[Dataset content]:
════════════════
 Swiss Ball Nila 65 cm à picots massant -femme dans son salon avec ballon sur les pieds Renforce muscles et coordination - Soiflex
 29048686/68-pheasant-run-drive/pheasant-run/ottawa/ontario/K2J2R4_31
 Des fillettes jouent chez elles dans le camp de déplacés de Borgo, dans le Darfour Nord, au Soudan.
════════════════
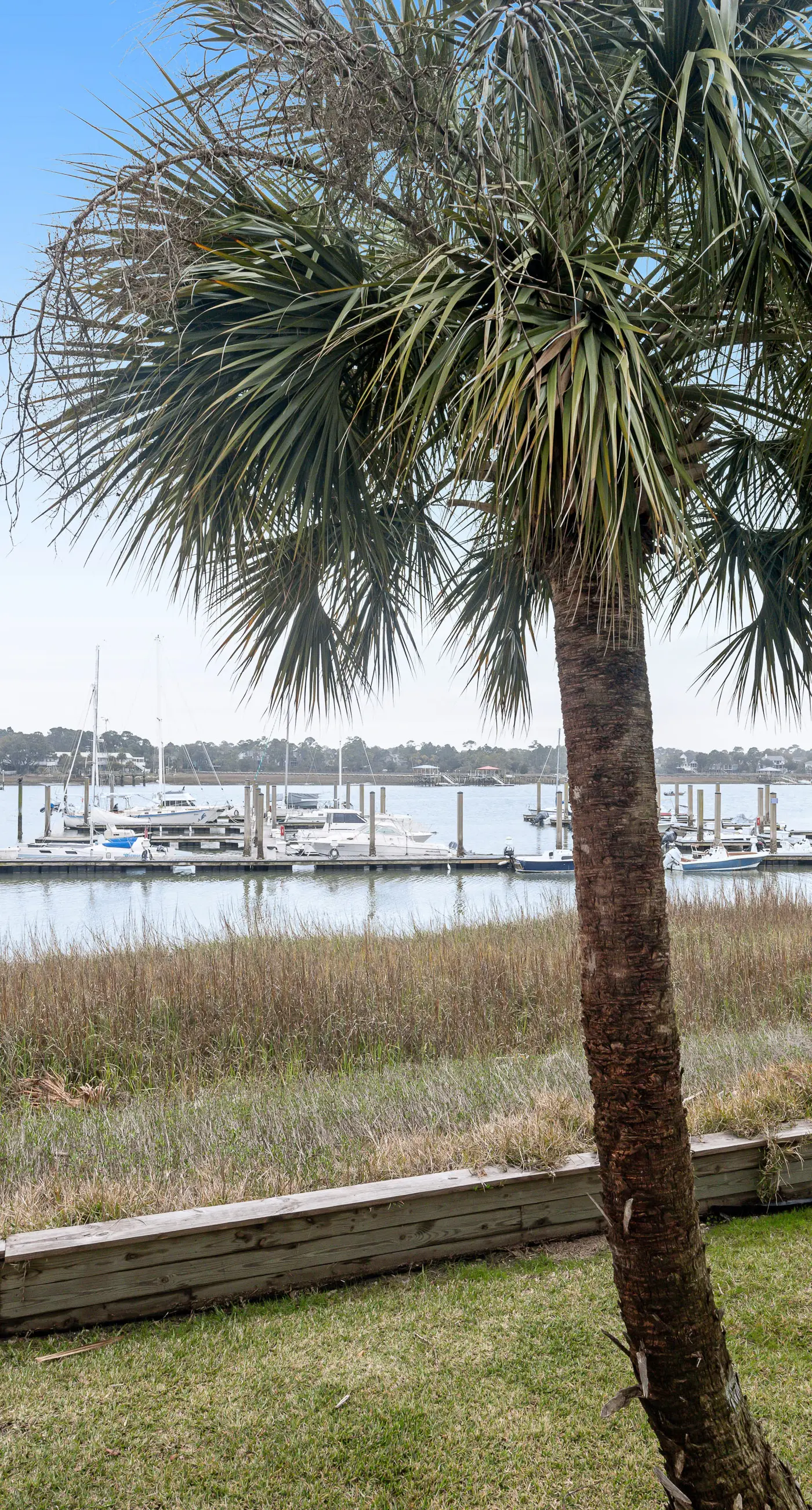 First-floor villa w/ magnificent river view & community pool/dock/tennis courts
════════════════
[Problem]: Go line by line through the data and copy any that contain "dans".

[Result]:
 Swiss Ball Nila 65 cm à picots massant -femme dans son salon avec ballon sur les pieds Renforce muscles et coordination - Soiflex
 Des fillettes jouent chez elles dans le camp de déplacés de Borgo, dans le Darfour Nord, au Soudan.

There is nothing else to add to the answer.